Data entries
[Start of section]

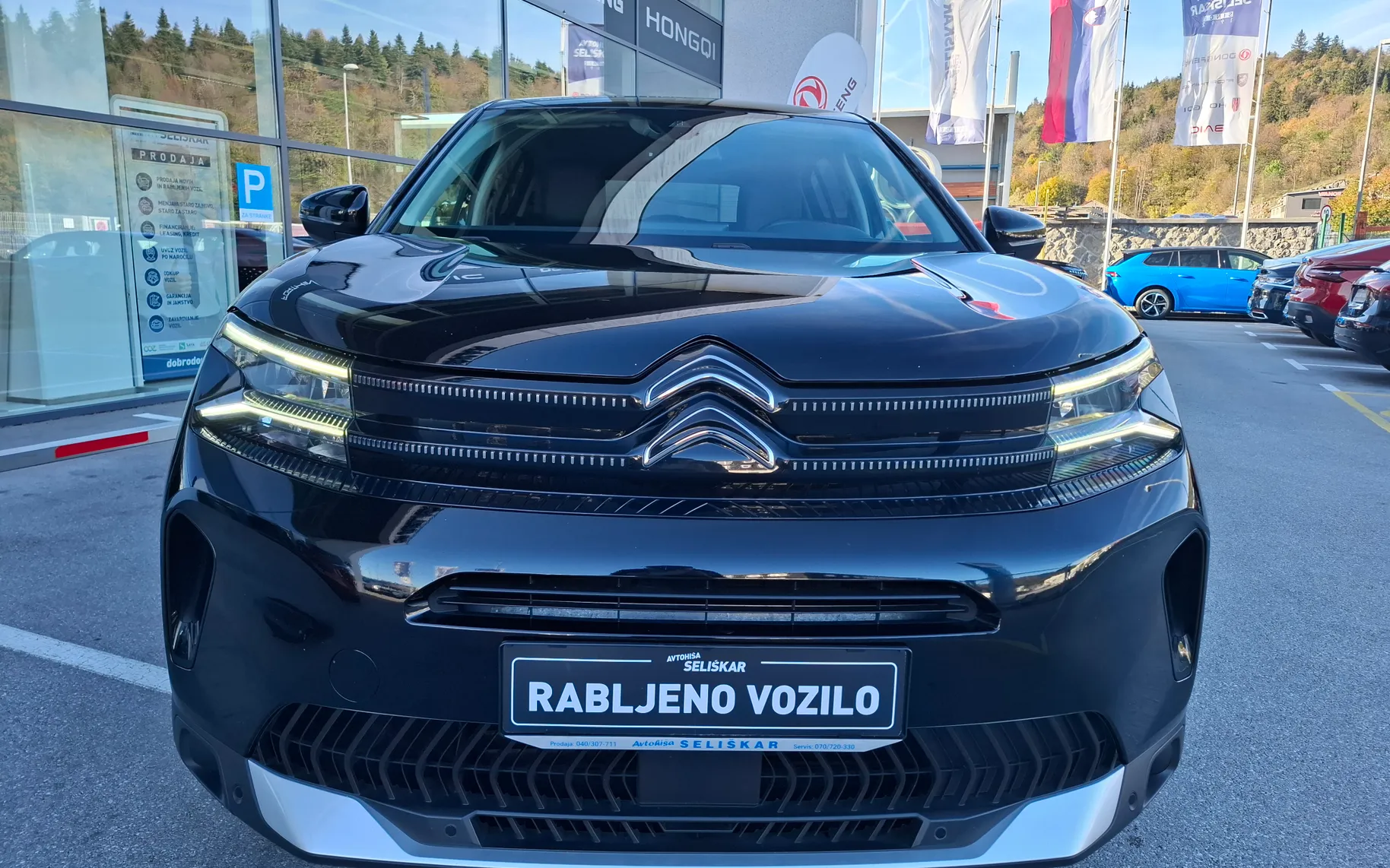 Zunanja slika - Citroën C5 - Aircross 1.2 PureTech 130 Plus - ZNANA SERVISNA ZGODOVINA - 2
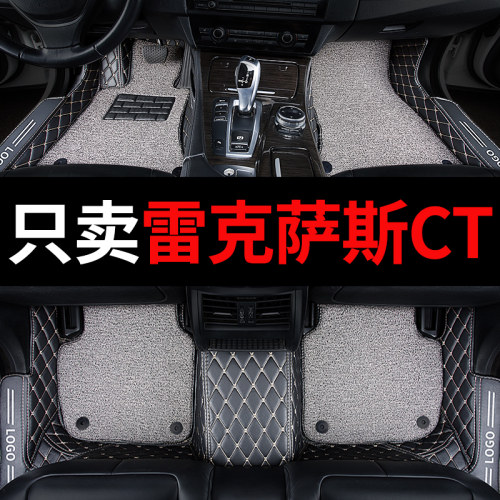 适用雷克萨斯ct200h车ct200专用汽车脚垫全包围配件W改装装饰 用
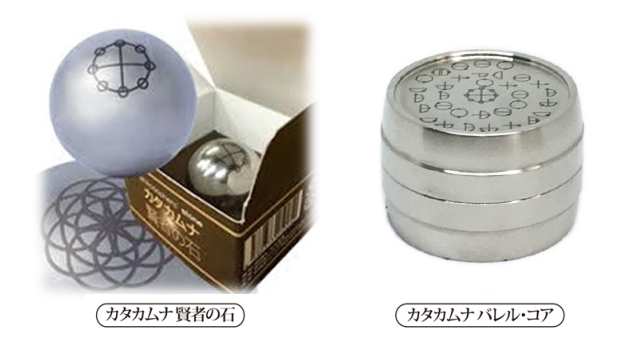 監修：医学博士 丸山修寛先生の「カタカムナ 賢者の石」の販売【信州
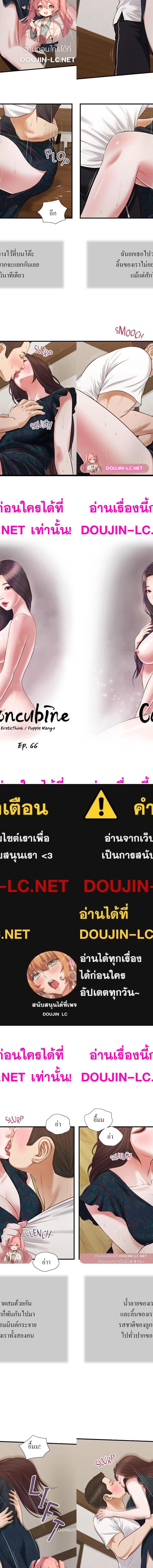 Concubine ตอนที่ 66 1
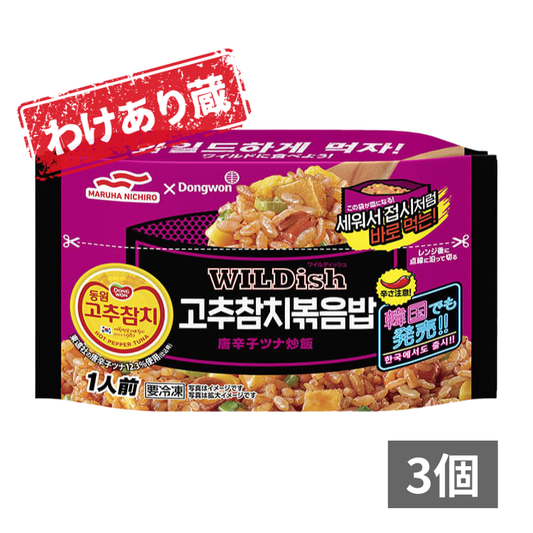 【わけあり蔵】韓国版ＷＩＬＤｉｓｈ（ワイルディッシュ）唐辛子ツナ炒飯×3個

[End of section]

▶ _What is expected_:
The entries above, every one of them, should be retyped exactly, with no pictures carried over.

▶ _Task solution_:
 Zunanja slika - Citroën C5 - Aircross 1.2 PureTech 130 Plus - ZNANA SERVISNA ZGODOVINA - 2
 适用雷克萨斯ct200h车ct200专用汽车脚垫全包围配件W改装装饰 用
 監修：医学博士 丸山修寛先生の「カタカムナ 賢者の石」の販売【信州
 Concubine ตอนที่ 66 1
 【わけあり蔵】韓国版ＷＩＬＤｉｓｈ（ワイルディッシュ）唐辛子ツナ炒飯×3個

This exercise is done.